PostgreSQL Error Guide: 'canceling statement due to statement timeout'
Fix PostgreSQL's statement timeout cancellations: diagnose slow plans, missing indexes, lock waits, bloat and stale statistics with EXPLAIN ANALYZE and pg_stat_statements.
- #postgres
- #troubleshooting
- #errors
- #performance
Overview
statement_timeout is a per-statement guard rail: when a single SQL command runs longer than the configured limit, PostgreSQL cancels it and raises an error. It exists to stop one runaway query from holding connections and locks, but it is also the symptom that surfaces almost any performance problem — a missing index, a bad plan, a lock wait, or a timeout simply set too low for the work.

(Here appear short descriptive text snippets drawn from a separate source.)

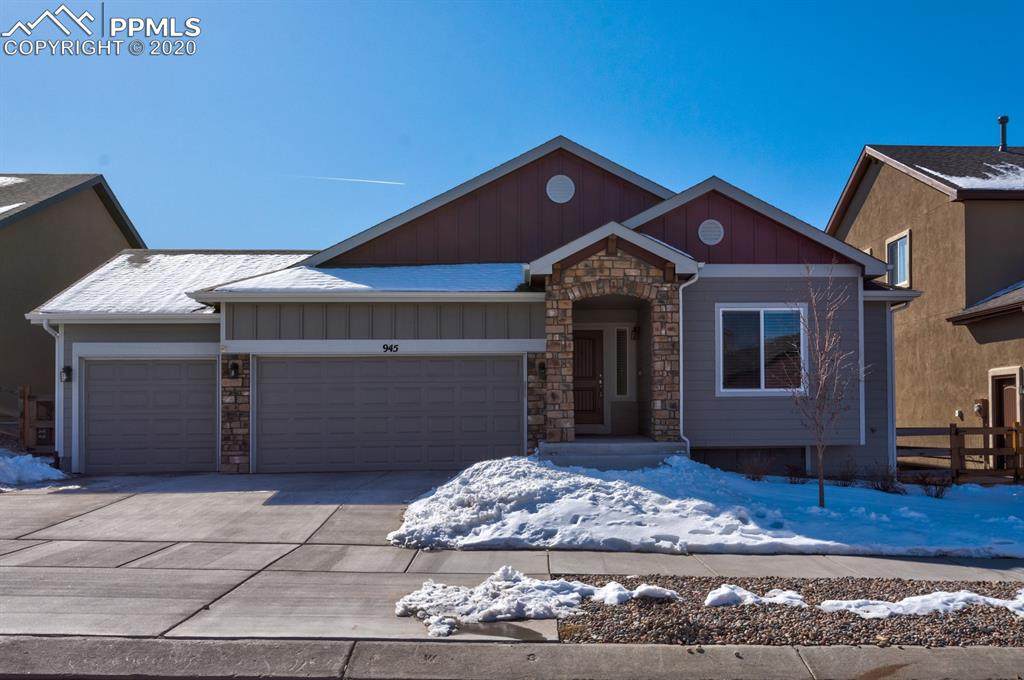945 Pistol River Way - Photo 1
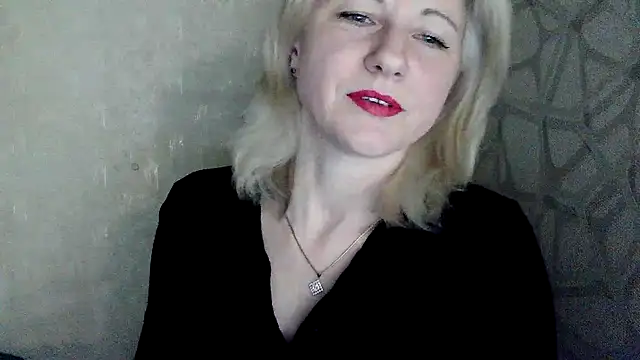 Katerina-Kissa online show from 15, 4, 2026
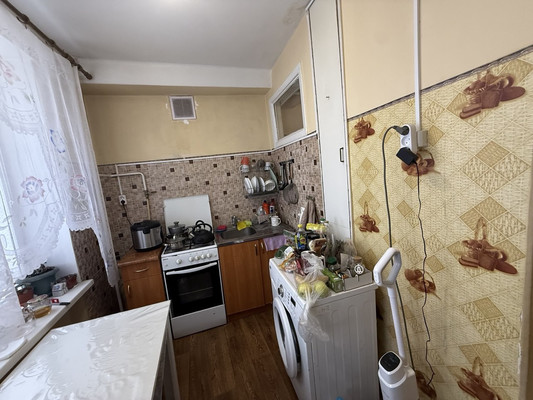 Продам двухкомнатную (2-комн.) квартиру, Ленина б-р, 15/1, Симферополь г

You will see this in the client and the server log:
ERROR: canceling statement due to statement timeout
LOG: duration: 30001.442 ms statement: UPDATE orders SET status = 'shipped' WHERE batch_id = 4821
ERROR: canceling statement due to statement timeout
It occurs whenever a statement’s wall-clock time exceeds statement_timeout (which may be set at the server, role, database, or session level, or injected by a connection pooler). Importantly, the timer counts lock-wait time too — so a fast query blocked behind another transaction can be cancelled just like a genuinely slow one. The error is the same regardless of cause, so the work is figuring out why the statement ran long.
Symptoms
- A specific query or endpoint intermittently fails with “canceling statement due to statement timeout”, often under load.
- The same query is fast in isolation but times out during peak traffic (a lock-wait or contention signal).

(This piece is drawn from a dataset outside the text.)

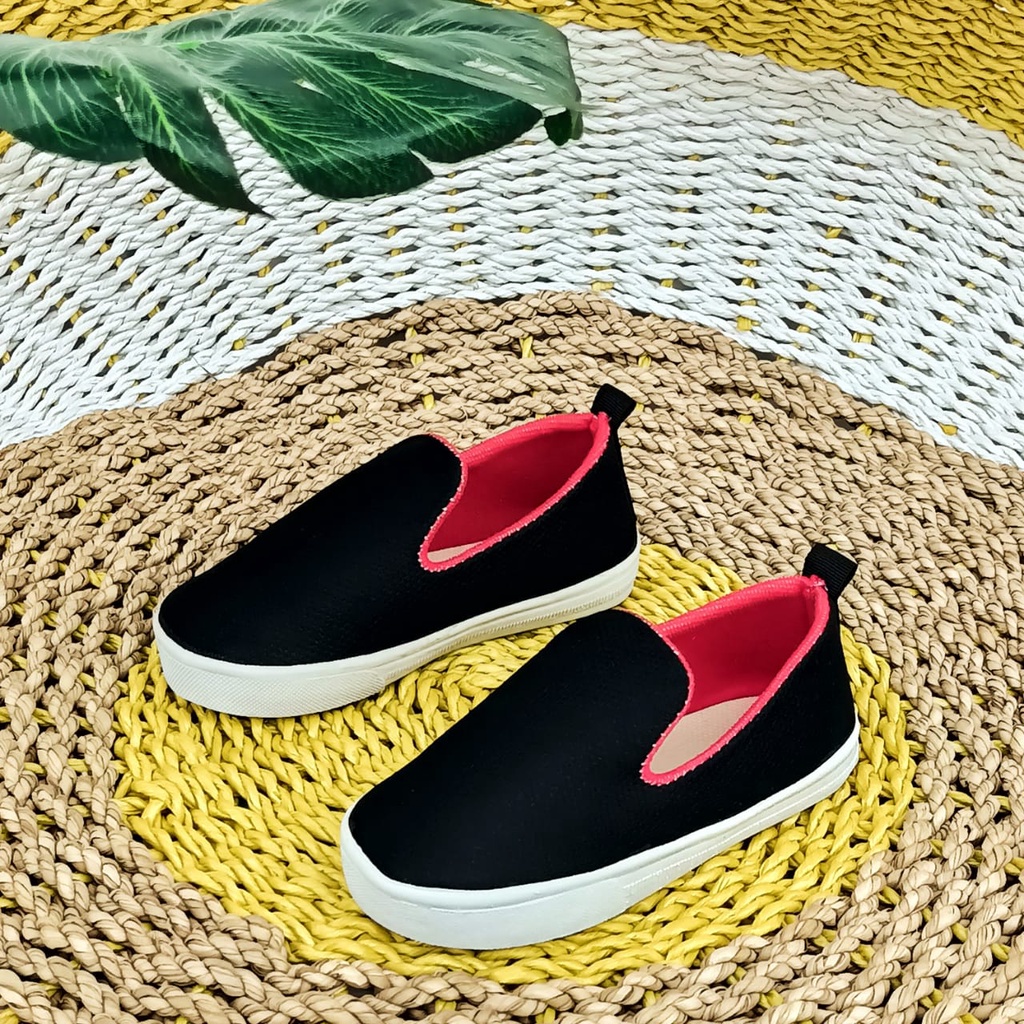 sepatu anak sneaker sekolah polos hitam unisex murah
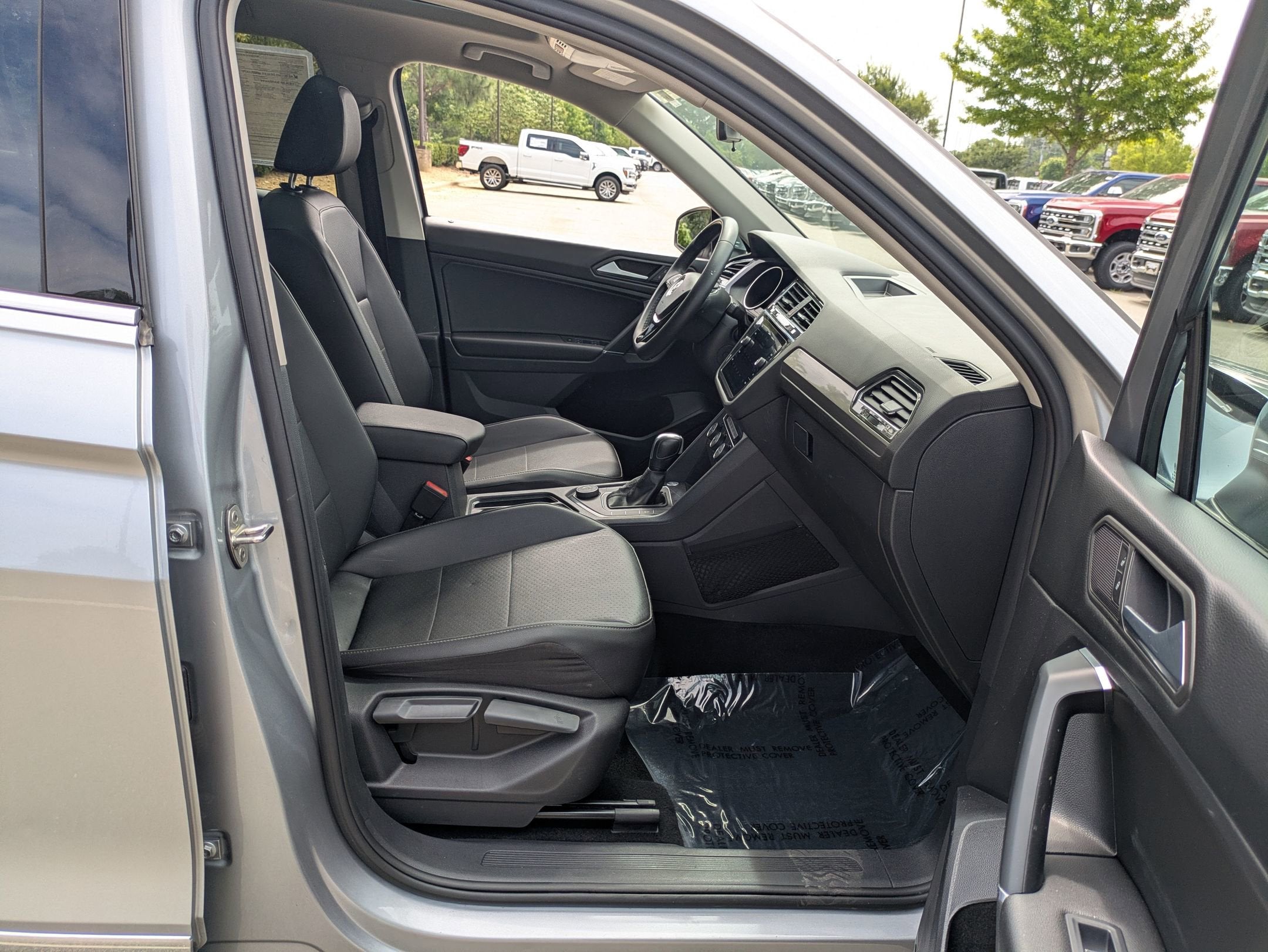 2020 Volkswagen Tiguan SE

- A migration or batch job fails partway through with the timeout error.
- The server log shows
duration:lines just over the timeout value immediately before the cancel.
SHOW statement_timeout;
statement_timeout
-------------------
30s
SELECT pid, now() - query_start AS runtime, state, wait_event_type, wait_event, query
FROM pg_stat_activity
WHERE state = 'active'
ORDER BY runtime DESC
LIMIT 5;
pid | runtime | state | wait_event_type | wait_event | query
-------+----------------+--------+-----------------+------------+-------------------------------
52210 | 00:00:28.91144 | active | Lock | tuple | UPDATE orders SET status...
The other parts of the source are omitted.